Bonjour à tous, bienvenue sur Pod’Vins, votre podcast 100% Vins, mais pas que, je suis Arnaud, j’espère que vous allez bien et que vous êtes prêts à vous plonger dans l’histoire avec un grand H puisque je vais vous parler d’une région considérée comme le berceau mondial du vin, qui y serait apparu il y a 8000 ans selon des découvertes archéologiques récentes, et ce pays, c’est la Géorgie. Alors je ne vais pas vous détailler tous les vignobles géorgiens mais nous allons nous concentrer sur le plus grand, celui qui assure les ¾ de la production de vin géorgien et qui s’appelle la Kakhétie.
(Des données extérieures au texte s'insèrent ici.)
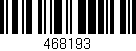 Código de barras (EAN, GTIN, SKU, ISBN): '468193'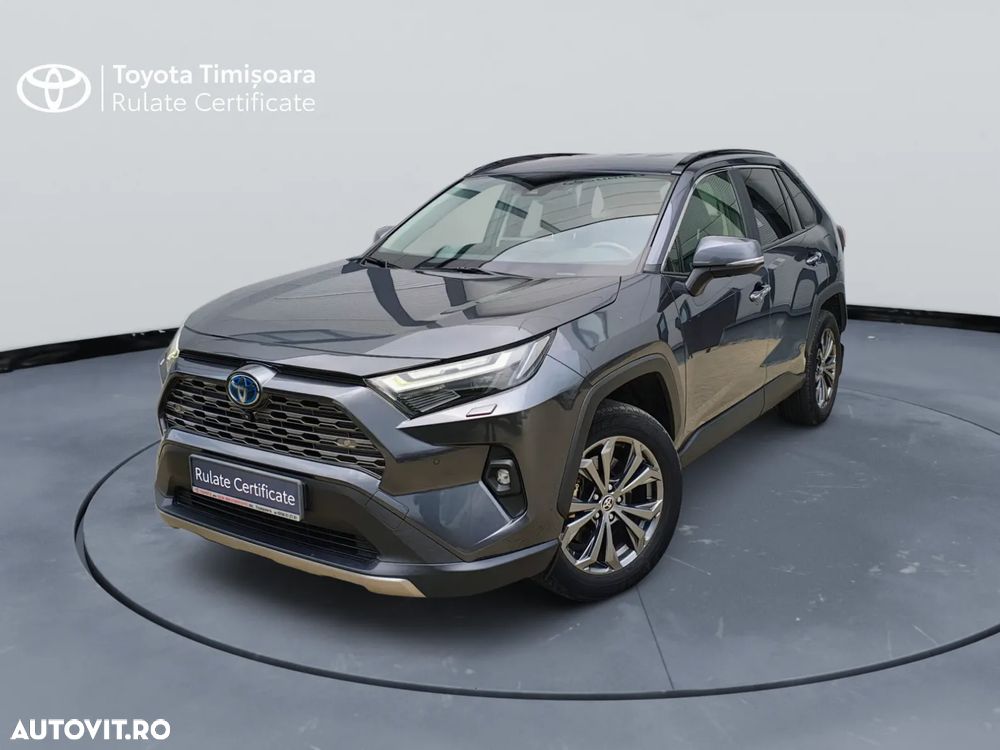 Toyota RAV4 2.5 VVT-iE 4x4 Luxury - 1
L’histoire de la Géorgie est unique puisque, comme je vous l’ai dit, de nombreuses découvertes archéologiques tendent à prouver que ce pays du Caucase est véritablement le plus ancien pays viticole au monde. Et pourtant, ses vins sont assez méconnus en France et en Europe plus généralement, à tort car la viticulture géorgienne nous réserve pas mal de surprises, mêlant histoire, méthodes ancestrales de fabrication, cépages autoctones et traditions, nous offrant au final une grande diversité de vins mais surtout d’excellente qualité.
Tout d’abord, situons la Géorgie car pas sûr que ça parle à tout le monde. C’est une ancienne république soviétique, située au dessus de la Turquie et de l’Arménie, coincée entre la mer noire à l’Ouest, la Russie au Nord et l’Azerbaidjan à l’Est. Nous sommes à un carrefour entre l’Europe, l’Asie et le Moyen Orient avec toutes les influences que cette position stratégique a pu lui apporter, inclus son lot d’envahisseurs.
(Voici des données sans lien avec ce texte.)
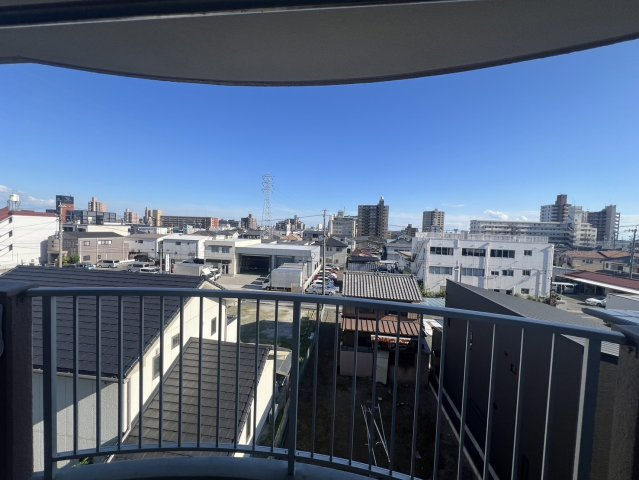 高杉ハイツ丹羽の展望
Et à l’intérieur de ce petit pays, la région de la Kakhétie se trouve dans sa partie orientale. Grosso modo, autour du 41ème paralléle, à la latitude de Rome ou de Barcelone pour vous donner une idée.
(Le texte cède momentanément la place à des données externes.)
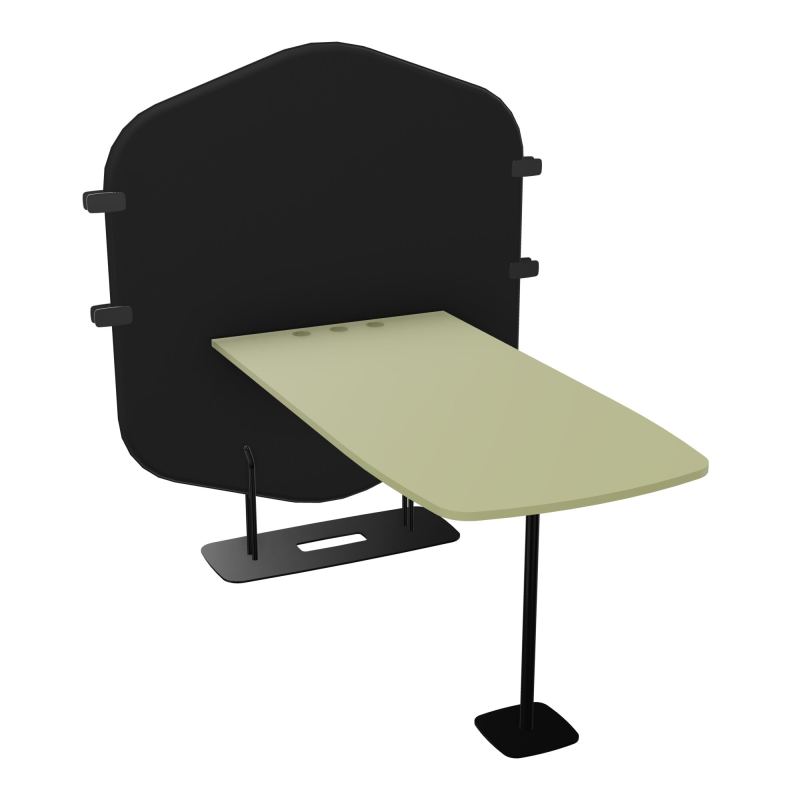 MARGOT CLOISON + TABLE - L122,7XH144,8XP156 CM CB SG R7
Les conditions météorologiques y sont idéales pour la viticulture, avec des étés chauds, secs et ensoleillés et des hivers modérément froids, les montagnes du Caucase protègeant le vignoble de l’air froid venant de la Russie voisine. D’ailleurs, les montagnes en Géorgie, c’est essentiel puisque 1/3 du pays, c’est de la montagne et près de la moitié de sa superficie se situe à plus de 900 m d’altitude. La Kakethie n’y échappe pas puisqu’elle partage son territoire entre montagnes, forêts et vallées fertiles, notamment celle des rivières Alazani et Iori, à une altitude variant entre 200 et 700 mètres. Du coup, vous trouvez des vignes à la fois dans la plaine mais aussi sur les contreforts des montagnes.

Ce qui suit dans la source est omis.